:: RECORDS PROVIDED

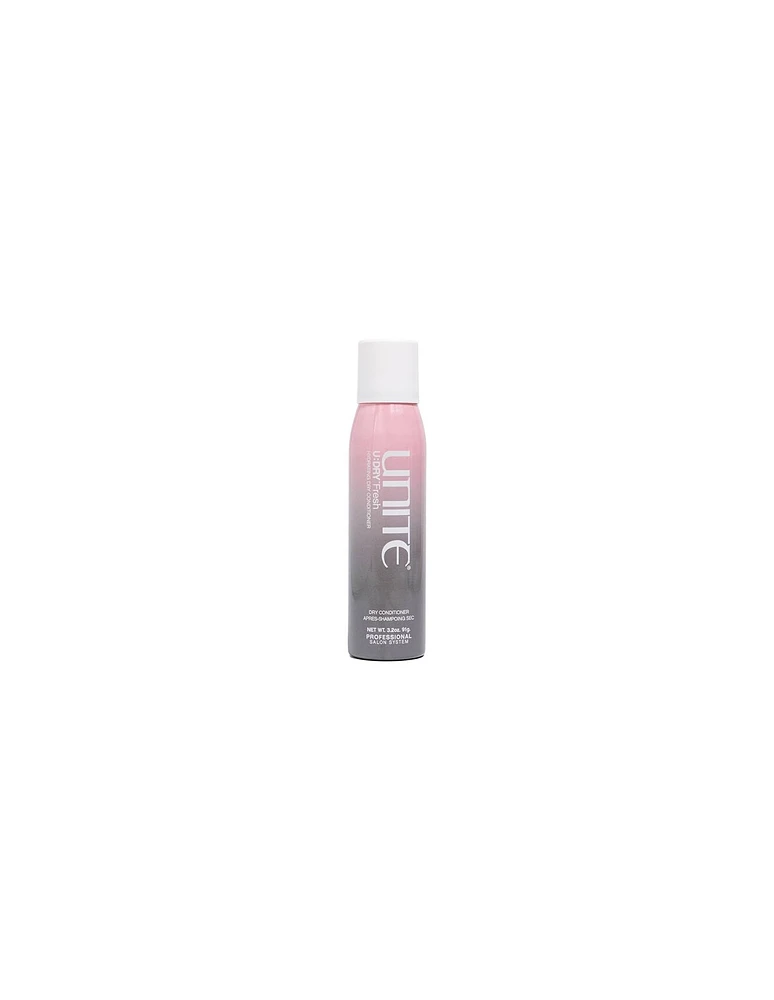 Unite U:DRY Fresh Dry Conditioner - 91g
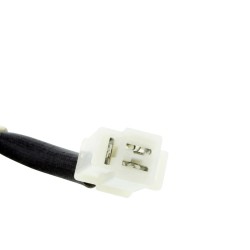 Statore Hondacbr 600 F4 99-00 per HONDA CBR 600F 99-00 Statori MAGNETI MARELLI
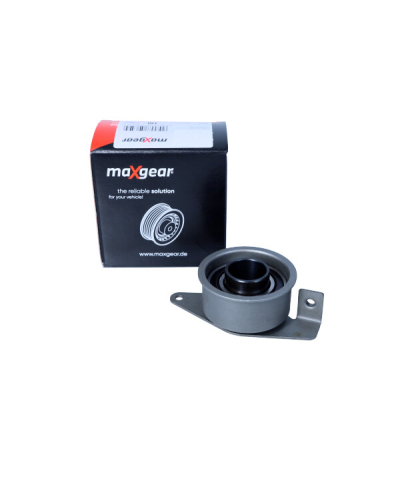 MAXGEAR ROLKA PASKA POMPY FORD 1,8D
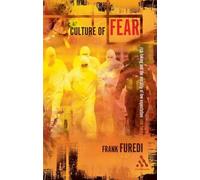 Culture of Fear: Risk Taking and the Morality of Low Expectation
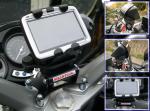 Bild#14(TomTom-710_demontierbar_Yamaha-FJR1300_Kopisch.jpg)
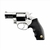 Revolver Taurus RT85SL Cal.38 - 5 Tiros - 2" Inox Alto Brilho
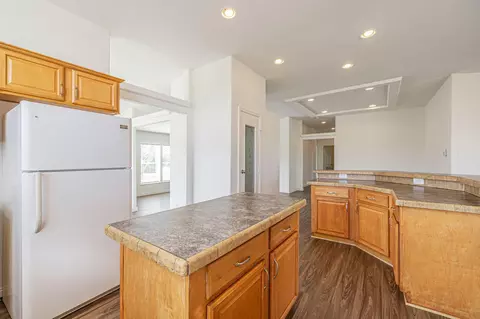 33164 160th St E, Llano, CA 93544 photo 13
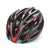 Leichter Fahrradhelm Brehn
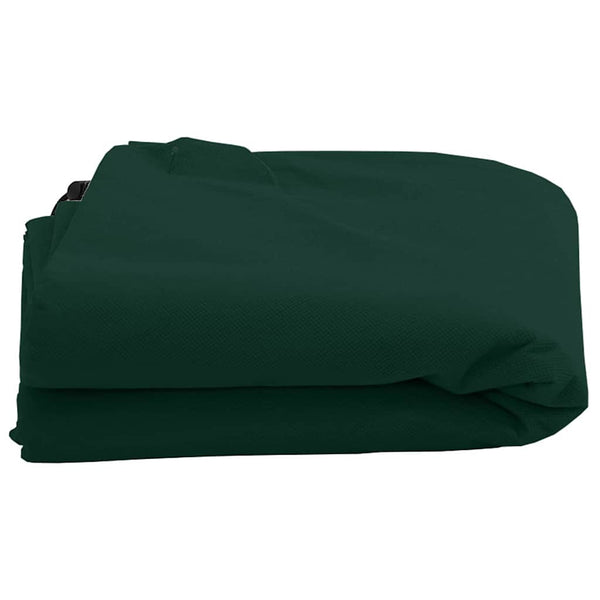 Pflanzen Winterschutz Vlies 2,4 x 2m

::::

ASSIGNMENT >> In your copy of the entries above, keep the text exact and leave out the pictures.

EXPECTED ANSWER >>
 Unite U:DRY Fresh Dry Conditioner - 91g
 Statore Hondacbr 600 F4 99-00 per HONDA CBR 600F 99-00 Statori MAGNETI MARELLI
 MAXGEAR ROLKA PASKA POMPY FORD 1,8D
 Culture of Fear: Risk Taking and the Morality of Low Expectation
 Bild#14(TomTom-710_demontierbar_Yamaha-FJR1300_Kopisch.jpg)
 Revolver Taurus RT85SL Cal.38 - 5 Tiros - 2" Inox Alto Brilho
 33164 160th St E, Llano, CA 93544 photo 13
 Leichter Fahrradhelm Brehn
 Pflanzen Winterschutz Vlies 2,4 x 2m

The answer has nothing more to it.